For metrics data flow_metrics:

  • l4_performance_enabled: Disables calculation/storage of advanced network performance metrics (latency, performance, exceptions) in network_* tables. See documentation for details.
  • l7_metrics_enabled: Disables calculation/storage of application performance metrics in application_* tables.

For performance events event.perf_event:

  • io-event-collect-mode: Adjusts the scope of file read/write event collection. 0 disables, 1 collects only within a Request lifecycle, 2 collects all. Default is 1.
  • io-event-minimal-duration: Sets a duration threshold for recording events. Default is 1ms. Increasing reduces event count.

For continuous profiling profile:

  • on-cpu-profile.disabled: Completely disables continuous profiling.

Additionally, you can reduce data at the source:

  • tap_interface_regex: Controls which NICs to capture traffic from. Adjust to exclude certain virtual or physical NICs.
  • capture_bpf: Uses BPF expressions to filter captured traffic. For example, set to not port 9999 to exclude monitoring traffic on port 9999.
  • kprobe_blacklist: Sets a port blacklist for eBPF kprobe to filter (drop) socket data, reducing call log volume.
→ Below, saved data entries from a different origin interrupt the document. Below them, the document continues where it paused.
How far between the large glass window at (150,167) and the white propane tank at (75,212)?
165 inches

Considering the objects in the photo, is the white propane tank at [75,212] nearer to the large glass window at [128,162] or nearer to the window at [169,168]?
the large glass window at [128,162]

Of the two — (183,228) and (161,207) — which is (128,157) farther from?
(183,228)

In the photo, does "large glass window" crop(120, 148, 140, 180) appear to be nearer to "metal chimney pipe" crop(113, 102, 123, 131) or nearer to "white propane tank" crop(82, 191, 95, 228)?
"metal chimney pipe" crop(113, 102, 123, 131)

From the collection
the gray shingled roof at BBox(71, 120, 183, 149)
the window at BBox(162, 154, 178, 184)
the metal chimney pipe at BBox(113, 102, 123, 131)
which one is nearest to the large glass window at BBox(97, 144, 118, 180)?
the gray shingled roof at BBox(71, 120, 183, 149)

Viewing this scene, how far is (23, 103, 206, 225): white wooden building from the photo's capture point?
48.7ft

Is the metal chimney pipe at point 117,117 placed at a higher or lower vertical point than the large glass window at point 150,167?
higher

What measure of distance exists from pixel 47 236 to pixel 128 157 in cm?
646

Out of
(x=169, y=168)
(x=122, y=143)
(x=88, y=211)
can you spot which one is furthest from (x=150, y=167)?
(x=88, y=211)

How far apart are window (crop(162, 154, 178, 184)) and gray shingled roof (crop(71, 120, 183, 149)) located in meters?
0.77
#6. Red: Setting Overload Protection Thresholds

Finally, the red configuration items. We want to avoid agents outputting excessive flow or call logs in extreme cases to prevent high bandwidth usage, and avoid excessive write loads on a single server to prevent ClickHouse overload. The following settings are available:

  • l4_log_collect_nps_threshold: Controls the maximum rate at which an agent sends flow logs. When exceeded, the agent drops logs. Monitor drop-in-throttle in deepflow_system.deepflow_agent_flow_aggr to track drops.
  • l7_log_collect_nps_threshold: Controls the maximum rate at which an agent sends call logs. When exceeded, the agent drops logs. Monitor throttle-drop in deepflow_system.deepflow_agent_l7_session_aggr to track drops.
  • l4-throttle: Controls the maximum write rate of flow logs per server replica. 0 uses the throttle value. When exceeded, the server drops logs. Monitor drop_count in deepflow_system.deepflow_server_ingester_decoder (filter msg_type: l4_log) to track drops.
  • l7-throttle: Controls the maximum write rate of call logs per server replica. 0 uses the throttle value. When exceeded, the server drops logs. Monitor drop_count in deepflow_system.deepflow_server_ingester_decoder (filter msg_type: l7_log) to track drops.